## [WHAT THE EXERCISE ASKS]
When you reach the line with "Горьковская Елена Викторовна", transcribe it and each line after it through the last one below, exactly. Pictures stay out.

[Opening DATASET EXCERPTS section]

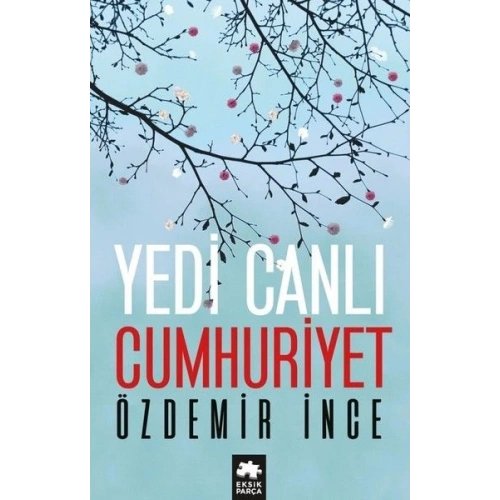 Yedi Canlı Cumhuriyet
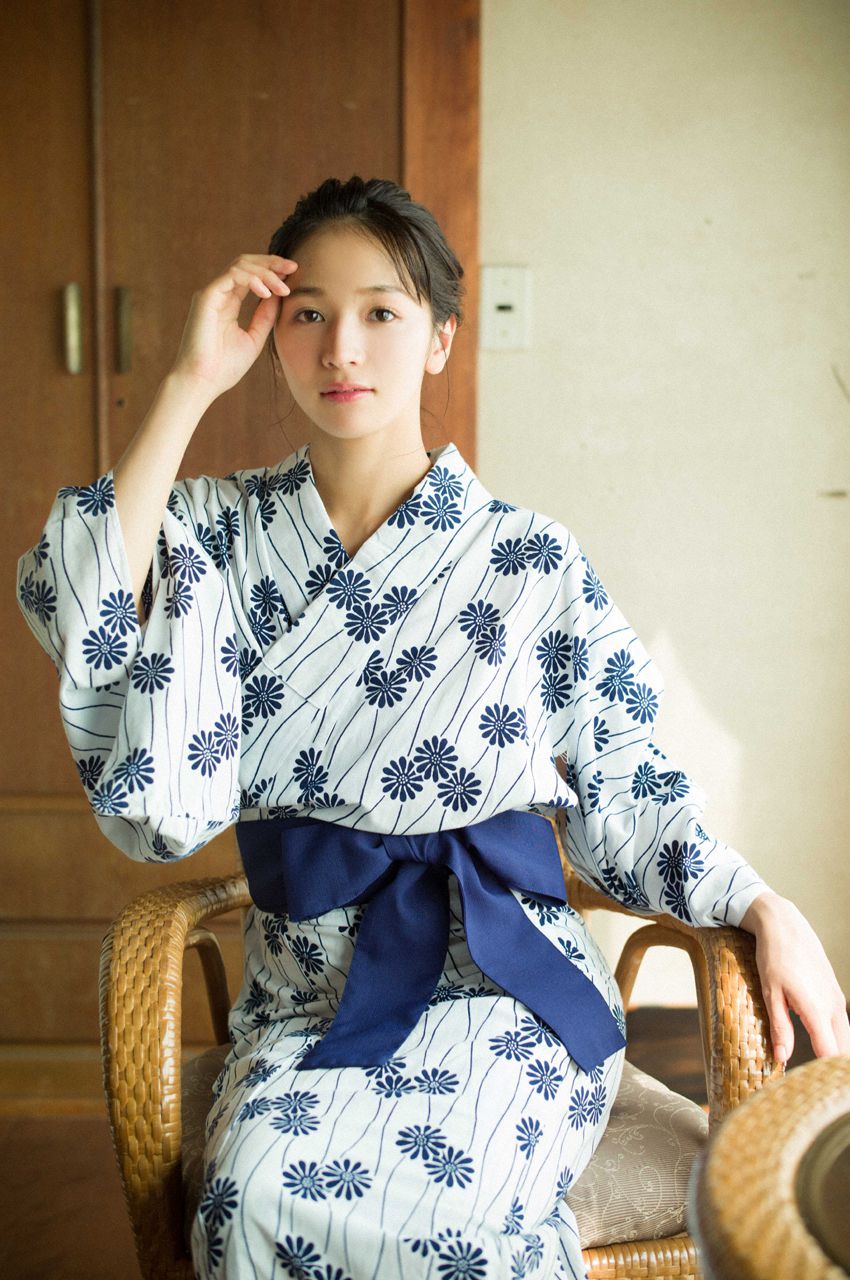 Erika Denya 傳谷英里香「美の誕生。」 [WPB-net] Extra EX639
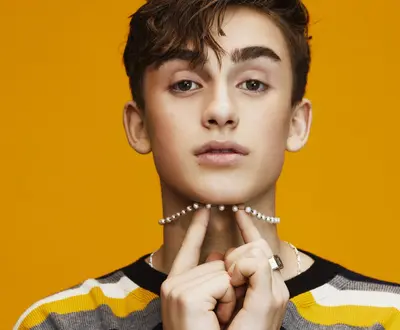 Johnny Orlando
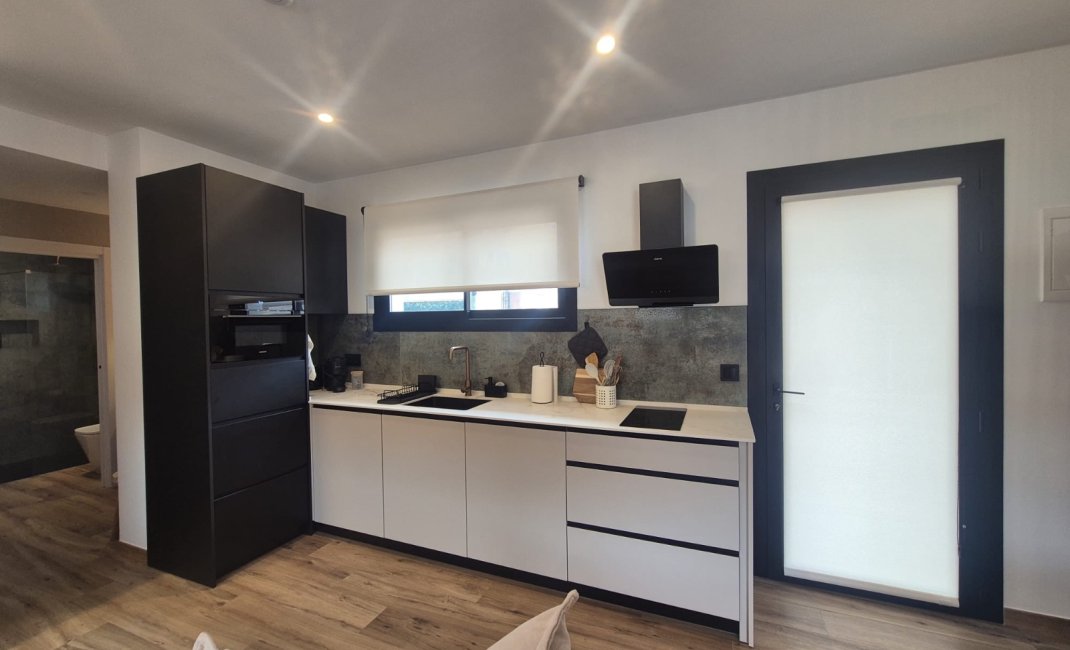 Short Term Rental - Apartment / Flat -
Albir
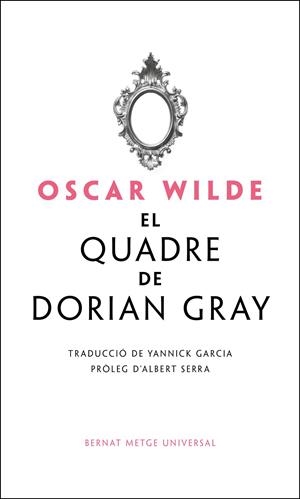 QUADRE DE DORIAN GRAY, EL | 9788498594676 | WILDE, OSCAR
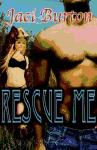 Portada de RESCUE ME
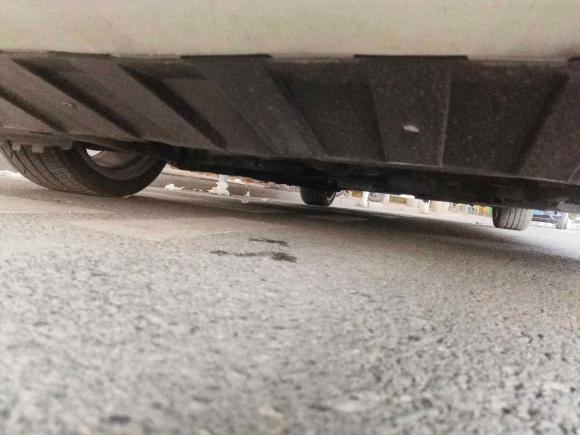 [广州·粤A] 二手奔驰奔驰CLA2016款 CLA 200 时尚型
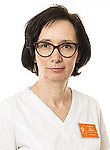Горьковская Елена Викторовна — Окулист (офтальмолог)
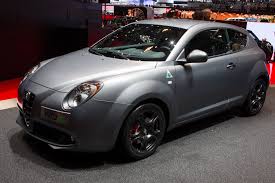 Image result for Grigio Canna Di Fucile 2011 Alfa-Romeo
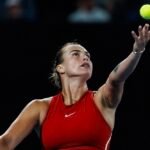 Sabalenka Eyes US Open Hat-Trick as New York Quest Begins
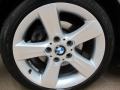 2004 BMW 3 Series 325i Coupe Wheel and Tire Photo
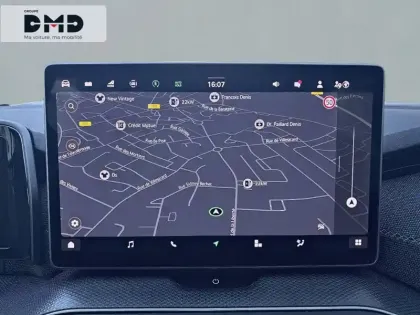 Photo 7 Skoda Kodiaq  1.5 TSI 204 ch PHEV DSG6 5pl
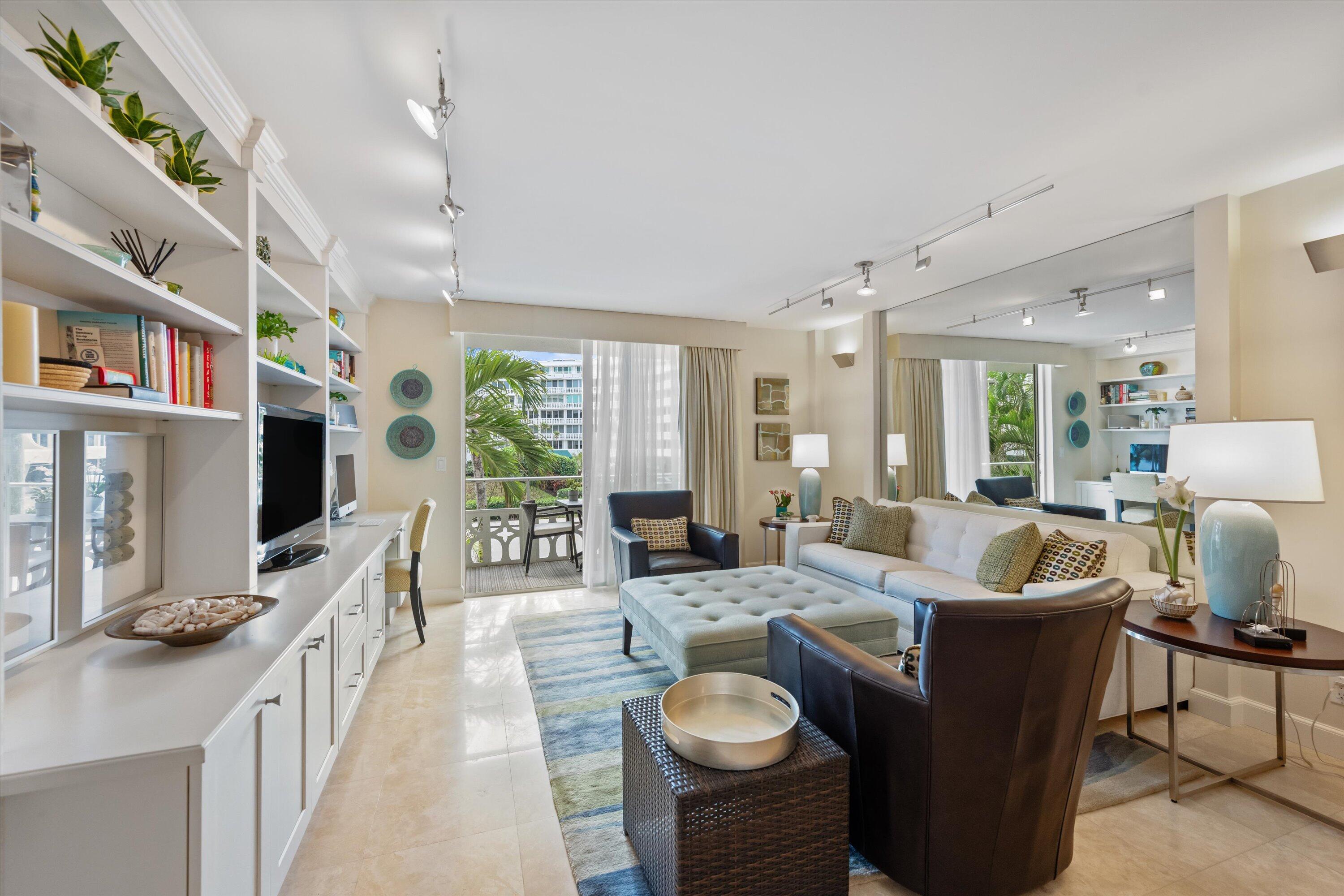 139 Sunrise Avenue 205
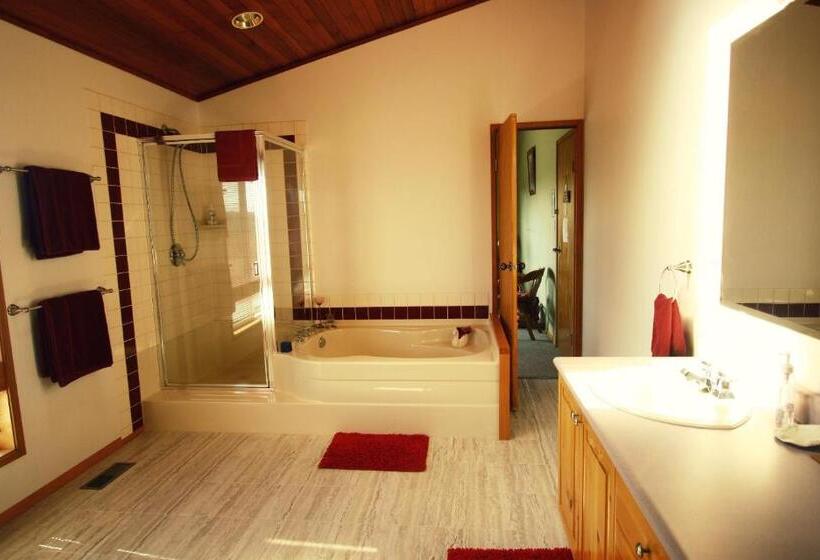 ベッドアンドブレックファースト Moon And Sixpence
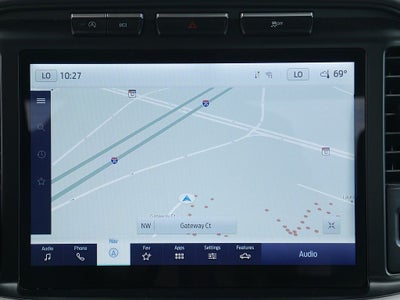 2023 Ford F-150 XLT CREW 3.5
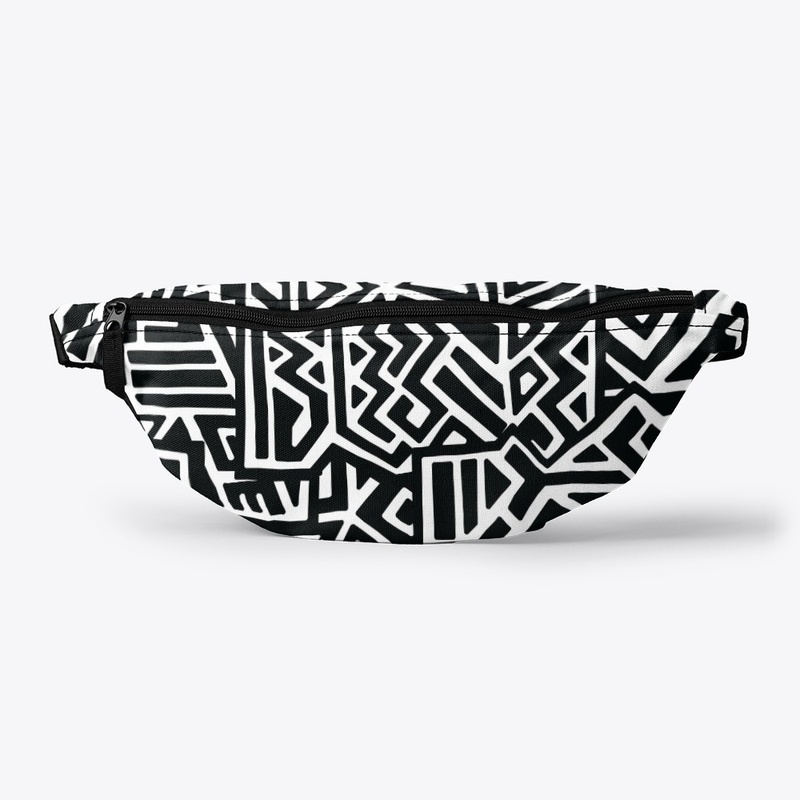 Alomik Trends African Design 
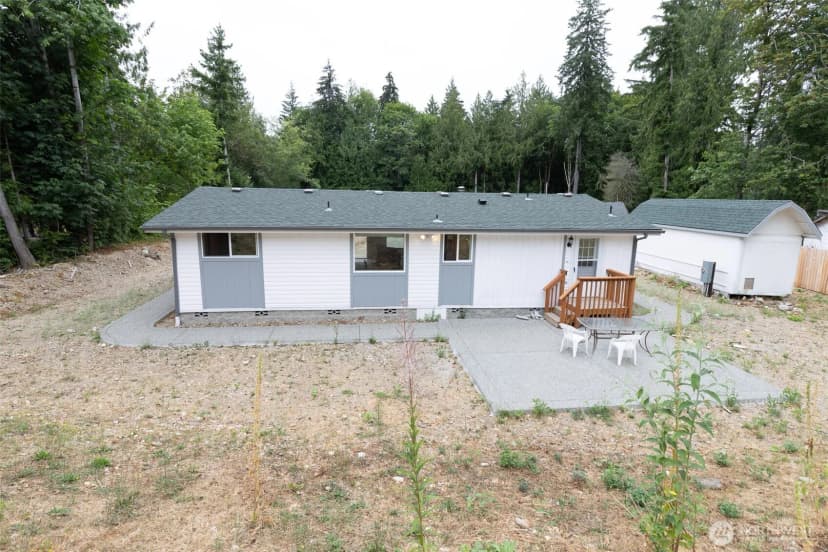 Property photo for 5059 Nw David Road, Bremerton photo 4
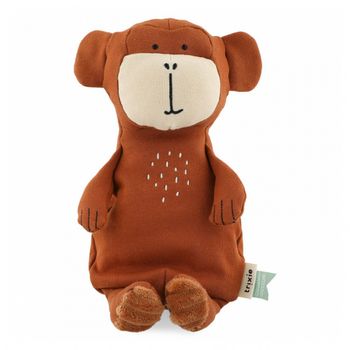 Pequeño Peluche - Mr Monkey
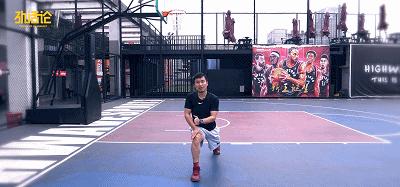 打篮球要怎样保护球,打篮球如何保护别人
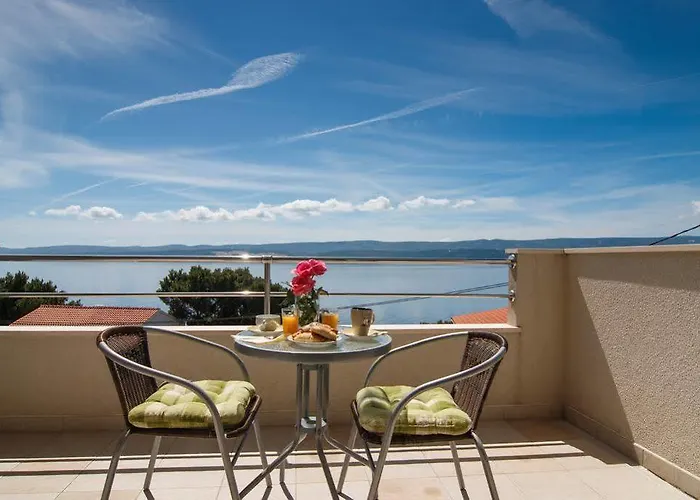Stari Koko Apartment *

[Closing DATASET EXCERPTS section]

## [WRITTEN ANSWER]
Горьковская Елена Викторовна — Окулист (офтальмолог)
 Image result for Grigio Canna Di Fucile 2011 Alfa-Romeo
 Sabalenka Eyes US Open Hat-Trick as New York Quest Begins
 2004 BMW 3 Series 325i Coupe Wheel and Tire Photo
 Photo 7 Skoda Kodiaq  1.5 TSI 204 ch PHEV DSG6 5pl
 139 Sunrise Avenue 205
 ベッドアンドブレックファースト Moon And Sixpence
 2023 Ford F-150 XLT CREW 3.5
 Alomik Trends African Design 
 Property photo for 5059 Nw David Road, Bremerton photo 4
 Pequeño Peluche - Mr Monkey
 打篮球要怎样保护球,打篮球如何保护别人
Stari Koko Apartment *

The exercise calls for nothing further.